The U.S. Bureau of Labor Statistics (BLS) issued its December 2018 jobs report Friday. It indicated an astronomically high job growth rate, with 312,000 new payrolls added. The number of new jobs is nearly double the prediction of 176,000.
The jobs created, which exclude farming jobs, were mainly in “health care, food services and drinking places, construction, manufacturing, and retail trade.” American workers also took home a little more dough in December.

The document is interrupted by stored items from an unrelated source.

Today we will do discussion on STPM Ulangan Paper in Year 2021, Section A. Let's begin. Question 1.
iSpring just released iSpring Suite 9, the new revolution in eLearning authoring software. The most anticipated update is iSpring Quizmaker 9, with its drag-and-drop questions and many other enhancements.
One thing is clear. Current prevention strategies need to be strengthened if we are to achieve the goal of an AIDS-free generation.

BLS data on hourly pay rates showed an 11 cents hike from November to December, and an 84 cents rise since the beginning of 2018. Currently, the average hourly wage in the U.S. is $27.48.
“The far bigger than expected 312,000 jump in non-farm payrolls in December would seem to make a mockery of market fears of an impending recession,” wrote Capital Economics’ chief U.S. economist Paul Ashworth, according to CNBC.

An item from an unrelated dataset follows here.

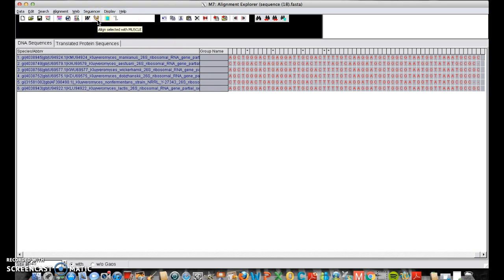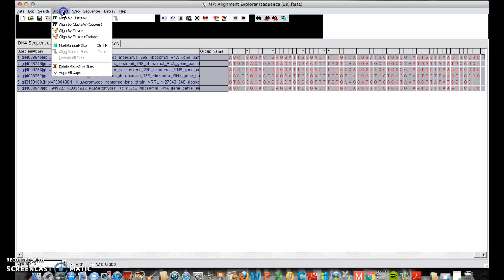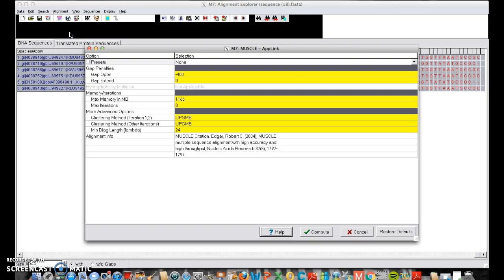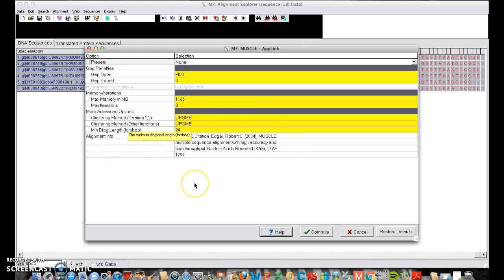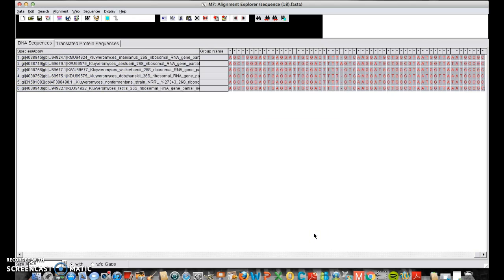We're going to use the muscle alignment tool. Most softwares have a couple of different ways to skin the cat. This one is no different. You can choose this icon, the arm with the muscle. Or you can choose alignment, align by muscle. That's what we need. You'll see this screen that tells you some presets. And it also gives you some citation information of where the math came from to line this up. And now we want to compute. So this is going to do all the work for us.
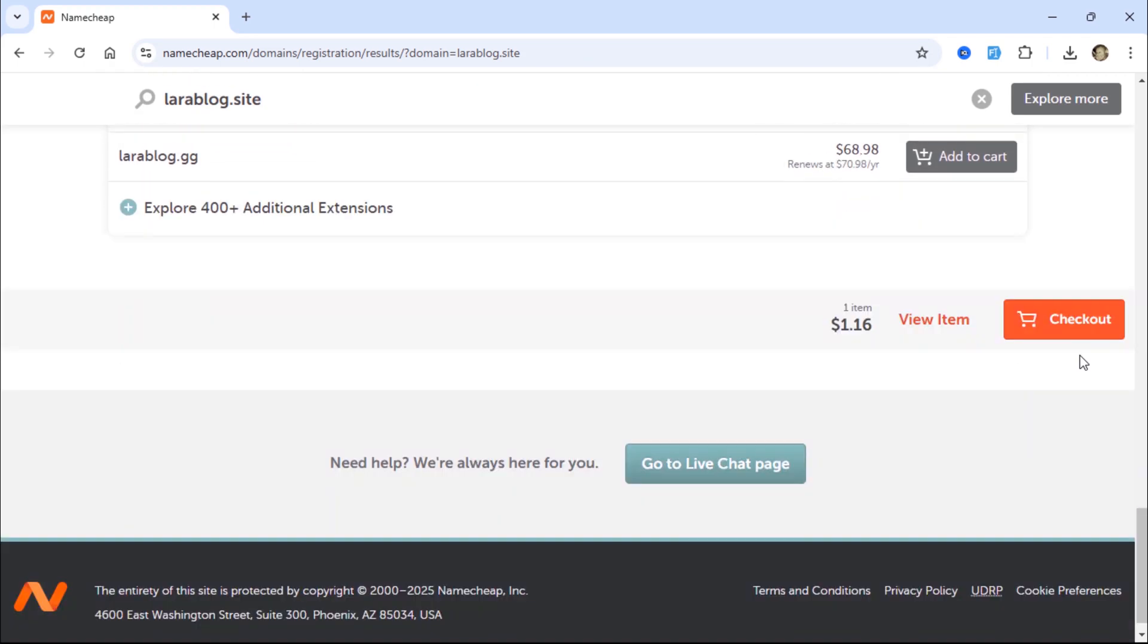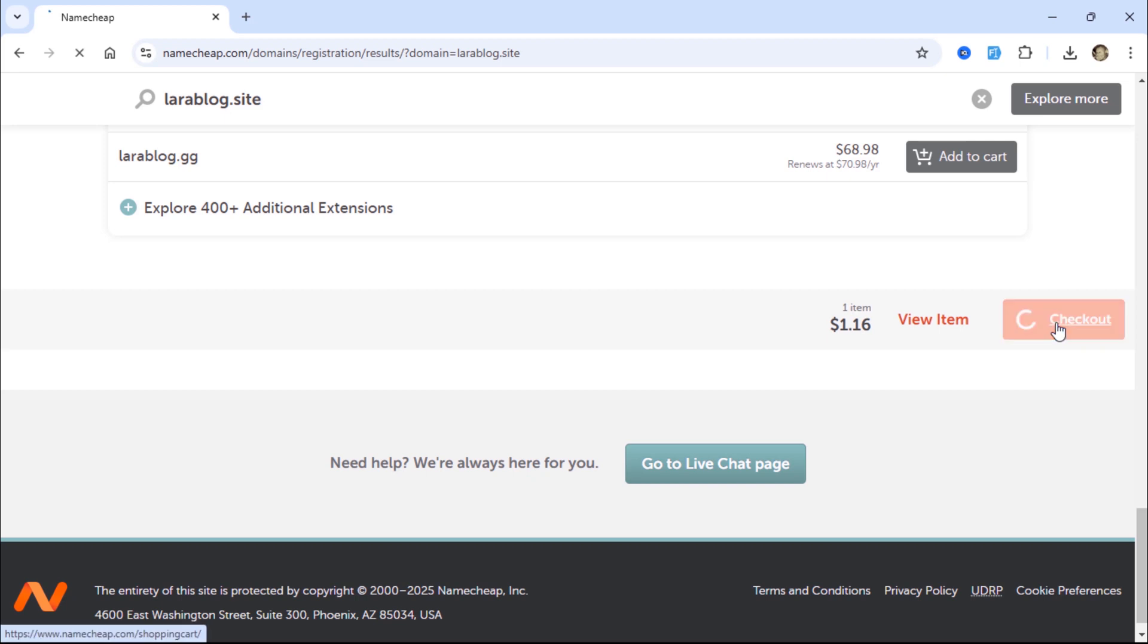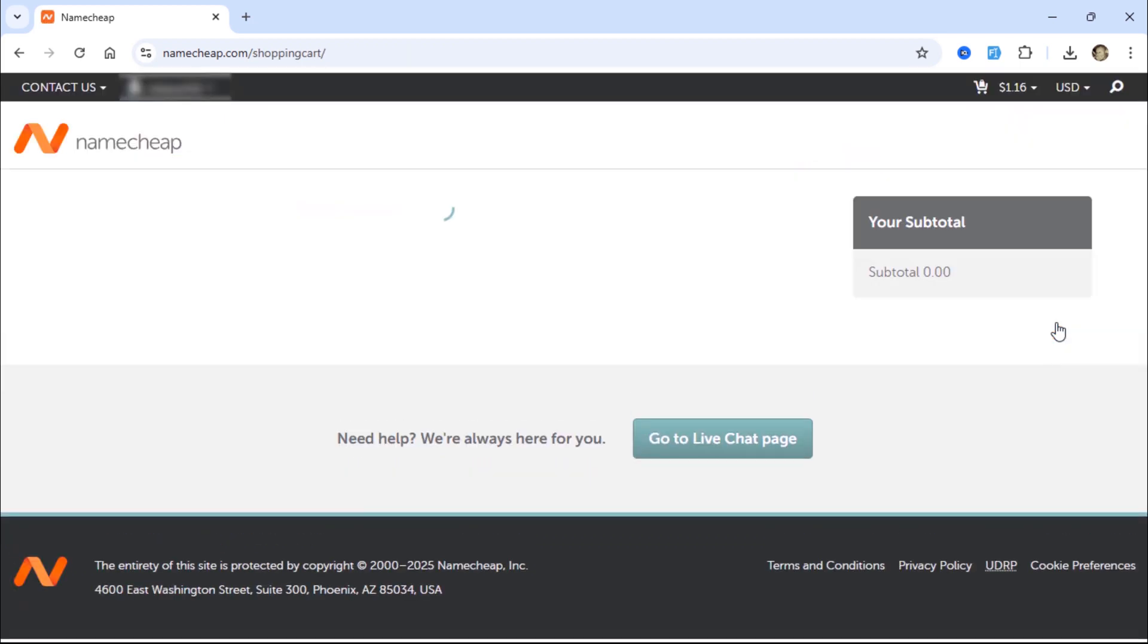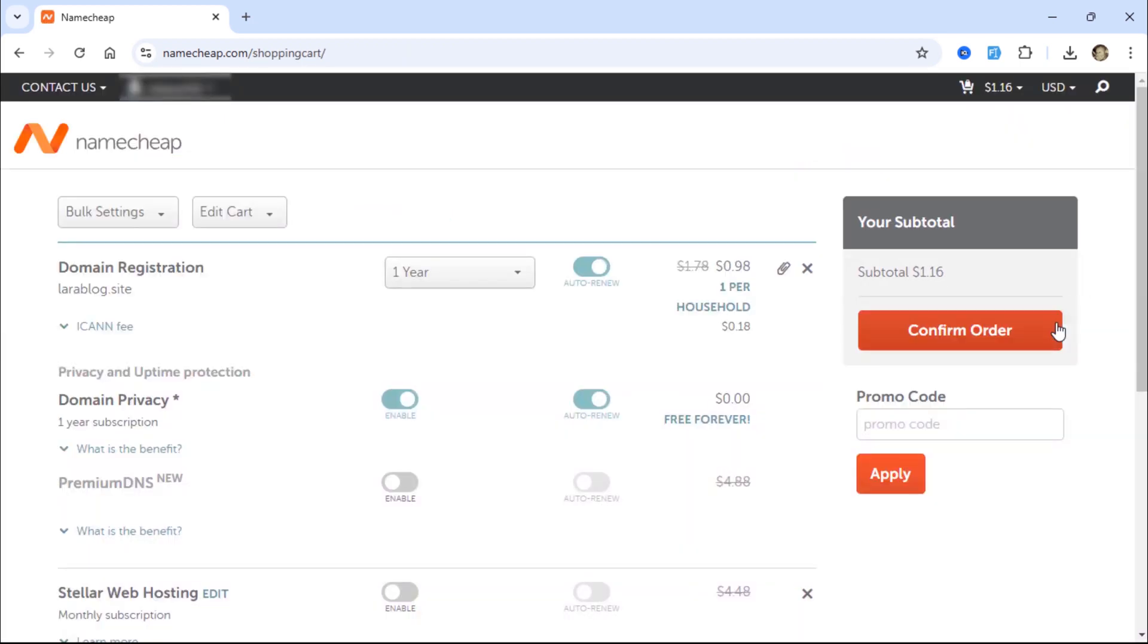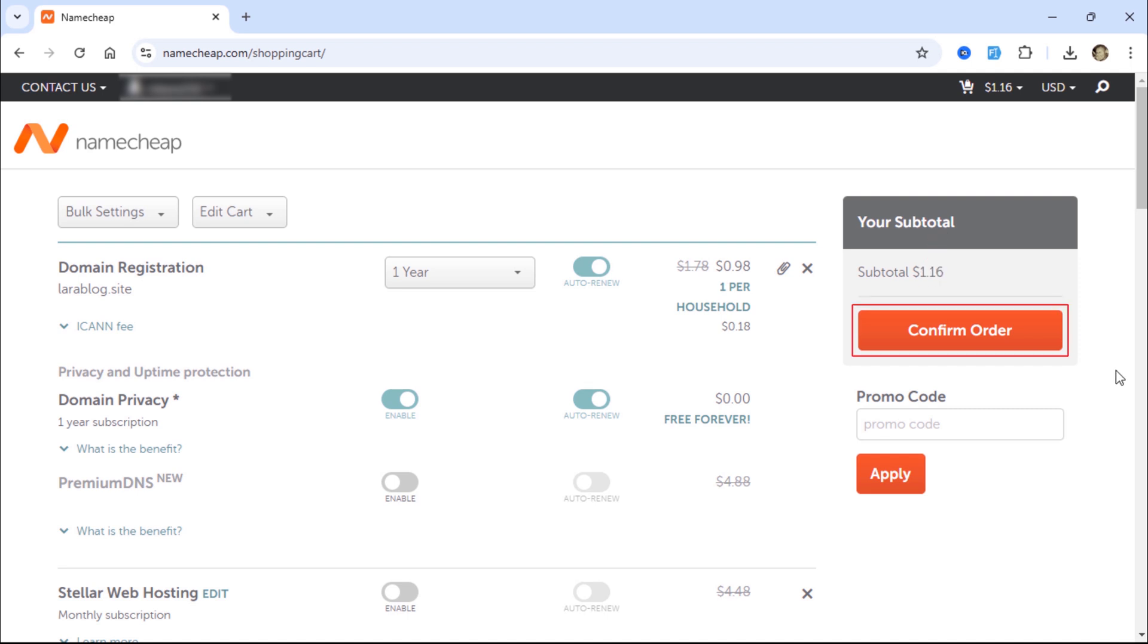Then, click Checkout. The subtotal for this domain is $1.16. Click Confirm Order.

Health care companies added 50,000 new positions in December, primarily in ambulatory care. Throughout 2018, more than 346,000 new health care jobs were created. In 2017, that number was only 284,000, according to the BLS. Manufacturing jobs also demonstrated a respectable increase of 32,000, many of which were from “durable goods component” firms. Electronic manufacturers also contributed, adding about 4,000 positions.
Despite the positive data, not all news was good. The unemployment rate rose in December by .2 percent, placing the rate at 3.9 percent. Among the unemployed are the so-called “job leavers” which the BLS defines as ” unemployed persons who quit or otherwise voluntarily left their previous job and immediately began looking for new employment.” This group grew by 142,000. The number of individuals classified as “involuntary part-time workers” remained about the same, but this number as a whole is down since the start of 2018.

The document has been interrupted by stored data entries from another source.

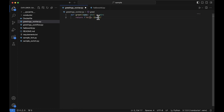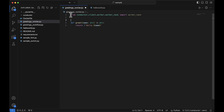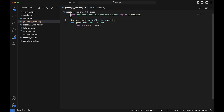What does this function return? Hello with the value of name. To make it a task worker, I'm going to first import a decorator from the Conductor Python SDK, and I'm going to use this decorator above the function: worker_task, specifying the task definition name equal to greet. That's it — I can use that function now in any of my workflows.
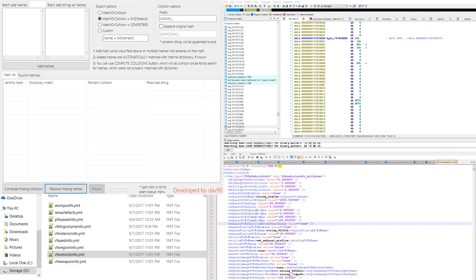Hey there guys, this is Dilapidated. Today I'm going to be showing off DAV90's Hash Collider.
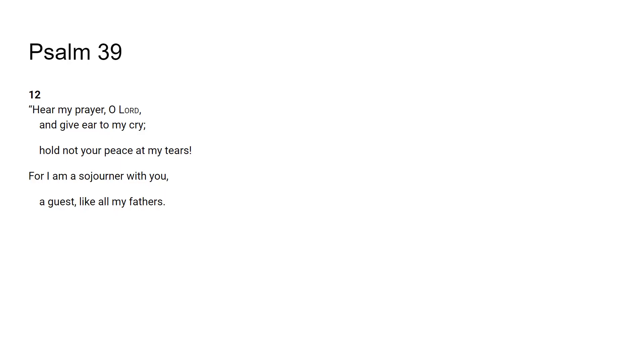It says hold not your peace at my tears. So he's wanting God to be moved by his tears. He wants God, and don't we all, want God to be moved by our condition, want God to be moved by our situation.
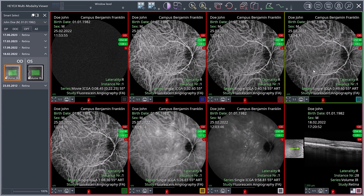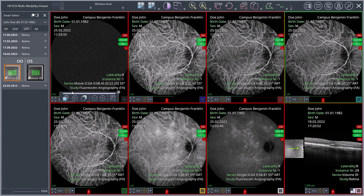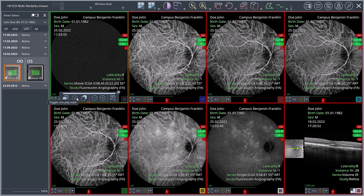The first viewport contains a video of the early arterial phase. Click on the small arrow in the quick access toolbar and activate the cine function. The cine toolbar is displayed in the selected viewport. Click the play button to start the video.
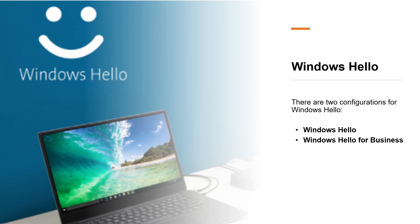Windows Hello lets users authenticate to a Microsoft account, an Active Directory account, an Azure Active Directory account, and identity provider services or relying party services that support Fast ID Online or FIDO version 2.0, which is known as FIDO 2.0. You might wonder, why is Windows Hello safer than a password?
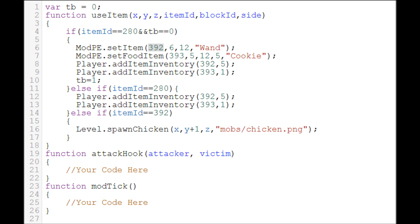We're also setting a food item, which is going to be item ID 393 with index 512, and it's going to heal two and a half hearts because it's five half hearts.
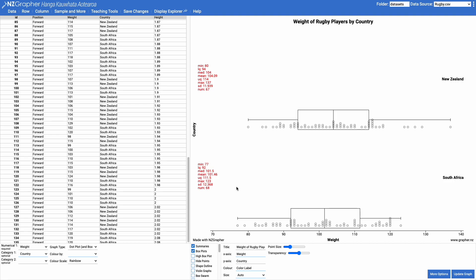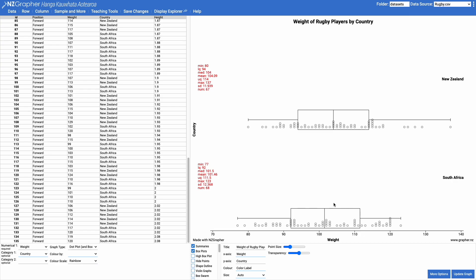This data set here shows the weights of rugby players in New Zealand and South Africa. We're looking at a dot plot and box and whisker and we can see there is a slight difference. The New Zealanders' median is just slightly above the South Africans' median. What we want to know is whether or not this is a significant difference.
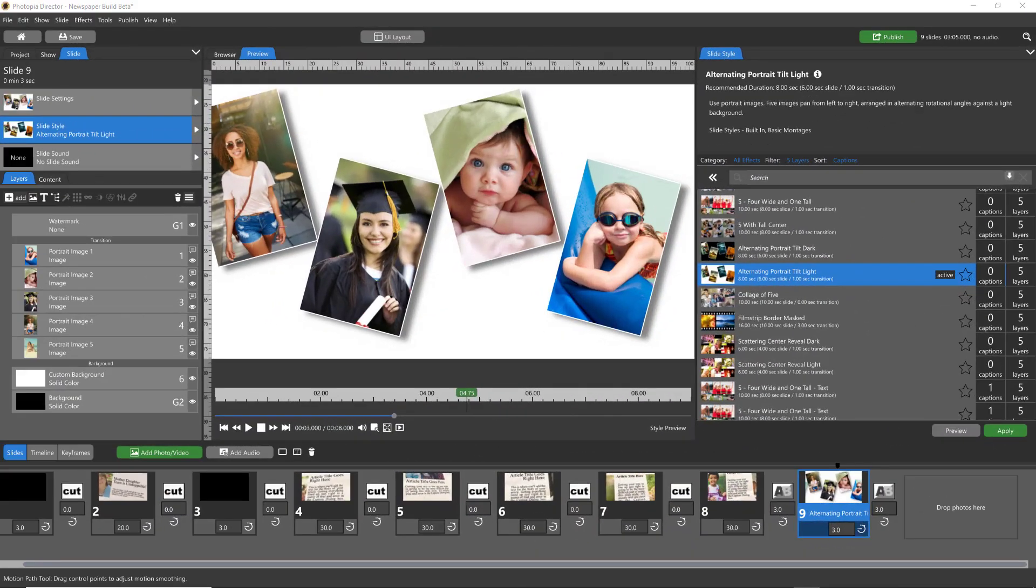Hi everybody, this is Jennifer with Choice Slides and in today's Q&A I'm going to be answering a customer who had a question about changing the background in a pre-built slide style.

In these early days of 2019, it’s too early to tell what will happen to the economy. Some experts see this report as the beginning of the end, while others are optimistic the economy will continue to thrive. A third group, somewhere in the middle, sees the BLS data as an indication of relative stability, at least for the short term.
“This report should calm investor fears. The economy is not falling off a cliff, it’s just slowing down,” said Moody’s Analytics’ Chief Economist Mark Zandi, while speaking to Politico. “But this number is backward-looking, and the stock market is forward-looking. I think it’s the high-water mark for job growth for sure, and job growth will slow as we move through 2019.”